Re: Soft Starter with Star Delta Bypass Connection

02/18/2016 6:52 PM

OK, now that the acrimony is complete, lets get down to solutions.

Yes, there are ways to use SOME soft starters with Star-Delta wound MOTORS taking advantage of the 6 leads brought out from the motor. The only advantage this provides is that the Soft Starter can be sized at 58% of the motor FLC, rather than 100%, so the soft starter will be lower cost (significant on larger motors, not worth it on smaller ones). That is the reason some manufacturers offer that option. Most suppliers refer to this as using the soft starter "Inside the Delta" because that is what you are doing. Here is a schematic.

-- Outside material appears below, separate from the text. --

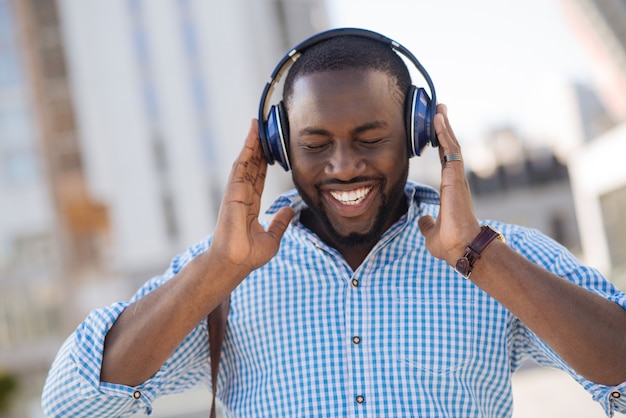 Engaging cool excited guy wearing cool headphones and listening to his favorite song while having a moment for relaxation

In that image, the diagram on the right (B) is the standard way of using a soft starter with 3 connections to the motor, on the left (A) is the "Inside the Delta" configuration using all 6 leads brought out from the motor.

BUT, it is loaded with significant dangers that potential users MUST be made aware of. First and most important is based on the FAILURE MODE of a soft starter, because the SCRs fail shorted, meaning they conduct full time and cannot be turned off any more. If ANYTHING happens to just one the SCRs (thyristors) inside of the soft starter connected to 3 leads of a motor (B), there is no inherent danger yet because with just ONE shorted SCR in a standard circuit, there is no complete path for power to flow when the other 5 SCRs are turned off.

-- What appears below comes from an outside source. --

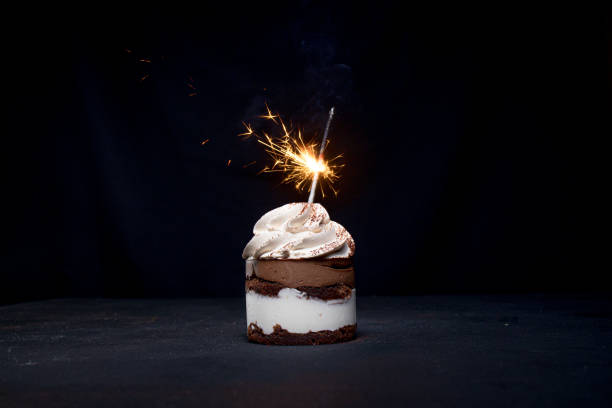 istock Chocolate and Raspberry Birthday Cake with Sparkler on Dark Background 1306567873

Now look closely at the diagram on the left, and imagine replacing one of those SCRs with a conductor, then follow the path. You see that if just ONE of the SCRs short, there is a complete path through one winding of the motor with no way to interrupt it. You can't know there is a shorted SCR until after the starter turns off, so what happens is that 5 of the SCRs turn off and one stays on, which eventually burns out the motor winding. So in order to safely use this concept, it is IMPERITIVE that a "Line isolation Contactor" be added to the soft starter circuit that is then tied to the Shorted SCR Detection / Fault contact of the soft starter (often referred to as a "Fault Contactor"), so that when the starter detects that one unit failed to turn off, it opens the contactor and will not allow the motor to be restarted until the problem is fixed. The added risk of not using the Fault Contactor or the added cost of using one typically negates the savings attained by reducing the starter size. Yet, plenty of people take the risk in order to save up front cost, then end up regretting it later when they have to replace the motor.

Another significant risk is in the complexity of this concept. Most electricians and electrical engineers have never seen this done and/or and are unaware of the concept, as evidenced by the initial answers in this thread. So what happens is that even if YOU figure it out now and implement it, the NEXT person to come across it will be very confused. One mistake in wiring this up and the motor doesn't just spin backward for a second, you fry the SCRs and buy a new soft starter. Then it become TWICE as expensive!

The final risk is that not only do several soft starter manufacturers not allow this configuration at all so you have fewer to choose from, even some of those that do offer it have been designed so cheaply that they don't even HAVE the necessary Shorted SCR Detection circuit, because they KNOW that the chief market for these is OEMs who want to provide a cheap solution but have no long term risk involving motor replacement if it outlasts the warranty. This all but guarantees that you will eventually cook the motor, but the OEM is going to get the order for the replacement in many cases, so it actually benefits THEM, not the end user.

So bottom line, even though my company makes and sells a soft starter capable of being used this way, I do everything I can to discourage it's use. It is fraught with risk with almost no rewards and the only rewards it offers are based primarily on luck.

Luck is not a valid engineering strategy.